2 NE2000 NIC's on an ISA bus.
My outbound internet connection is a motorrola netsurfer wave cable modem, which
connects to one NIC via twisted pair. The other hosts are connected to the second NIC
via coax cable.
For stress testing, I started about 5 big (60mb) downloads from about 3 different hosts.
Total flow rate was about 1.2-1.6 Mbit/sec. The 486 router just chugged along with no problem.
A top session on the router showed that I was only at about 10% cpu utilization (with full masquerading).
I would really like to have the internet bandwith to peak it out and see what it's full limitations are
(i'm not complaining about 1.6 Mbit/sec, that's fast). Overall i'm very amazed. You should have
absolutely no problem routing leased lines with those machines......
> I have a couple of old 386 and 486 PCs I would want to use as routers on a
> TCP/IP WAN network. I will install Redhat Linux 5.1 on them. The PCs have 8
> MB RAM, but I may bump that up to 16 MB if possible. I would enable IP
> Masquerading on them.
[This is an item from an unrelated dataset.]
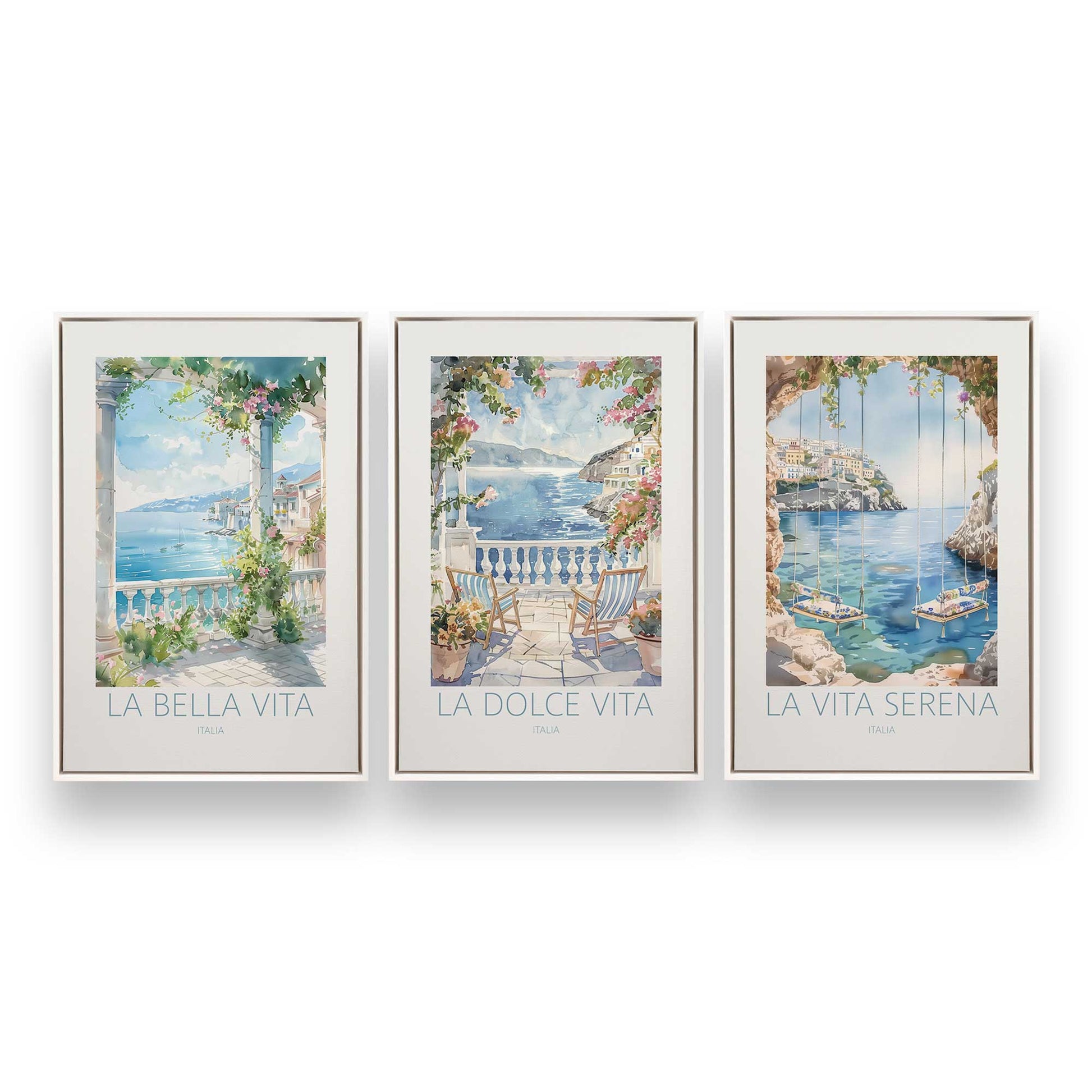 [Color:Opaque White], Picture of art in a White frame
The links between sites would be with standard 2/4
> wire leased line modem connections. Main use of TCP/IP WAN would be for
> Internet access through a central location and to interconnect sites for
> other services.
> Are these PCs okay for what I intend to use them for. Would they perform
> well, or should use higher powered PCs.
> Any suggestions would be greatly appreciated.